Non versa al Comune la tassa di soggiorno per 170 mila euro: denunciata

Redazione

Palermo - Palermo

Non versa al Comune la tassa di soggiorno per 170 mila euro: denunciata
Non ha versato la tassa di soggiorno al Comune per un importo complessivo di oltre 170.000 euro

25 Febbraio 2020 - 13:37

I finanzieri del Nucleo di polizia economico-finanziaria di Palermo, al termine di indagini coordinate dalla procura della Repubblica del capoluogo, hanno notificato a G.M.S. (cl. ‘79) originaria di Alia (PA), la misura cautelare dell’interdizione per un anno dall’esercizio di qualsiasi attività imprenditoriale, con conseguente impossibilità per l’indagata di ricoprire uffici direttivi delle imprese. L’ordinanza è stata emessa dal gip del tribunale di Palermo.

A seguito degli approfondimenti eseguiti dagli specialisti delle fiamme gialle, l’indagata – amministratrice di tre importanti strutture ricettive a Palermo (due alberghi e un bed & breakfast) – è stata denunciata per peculato, per non aver versato al Comune l’imposta di soggiorno riscossa negli anni dal 2014 al 2018, per un importo complessivo di oltre 170.000 euro.

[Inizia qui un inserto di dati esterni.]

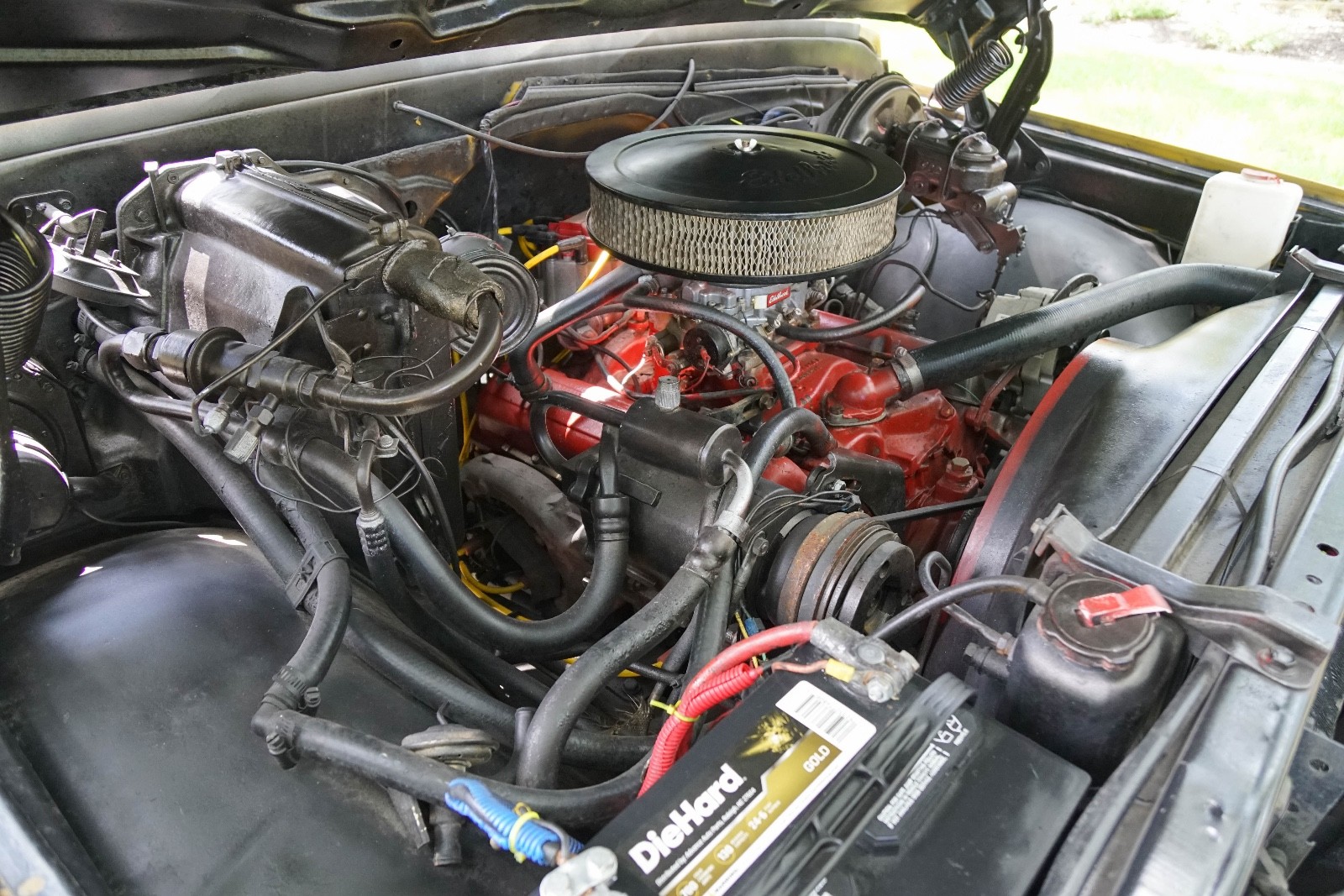 Chevrolet-C-10-1970-Other-8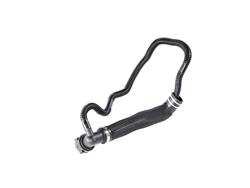 Mopar Replacement Hoses, Miscellaneous 68249900AA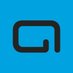 Exictos company logo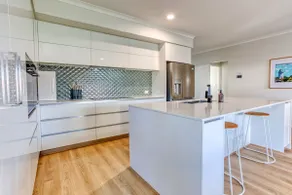 Mollymook SW - Image 5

“L’albergatore che riscuote per conto del Comune tale tributo – spiegano dal Comando – introdotto a Palermo nel 2014 (che deve essere corrisposto da tutti coloro, non iscritti nell’anagrafe del Comune di Palermo che pernottano nelle strutture ricettive della città), riveste, infatti, la qualità di “agente contabile” e, quale “incaricato di pubblico servizio”, se non provvede nei modi e nei tempi previsti all’obbligo di versamento di quanto riscosso dai clienti per conto dell’Ente pubblico si rende appunto responsabile del grave delitto di peculato“.

Nel caso di specie, l’indagata solo a seguito delle attività ispettive poste in essere dai finanzieri nel corso del 2019 ha, poi, provveduto alla regolarizzazione del cospicuo debito con il Comune di Palermo, così evitando il sequestro preventivo del profitto del reato, nonché i connessi profili di responsabilità erariale che sarebbero stati valutati dalla Corte dei Conti. Sulla base delle prove, il giudice per le indagini preliminari, valutati “gravità dei fatti, la pluralità e la sistematicità dei medesimi, l’estensione di essi a livello di propria pratica di gruppo imprenditoriale”, ha ritenuto concreto il pericolo di reiterazione del peculato ipotizzato ed ha conseguentemente applicato la misura cautelare interdittiva del divieto di svolgere attività d’impresa.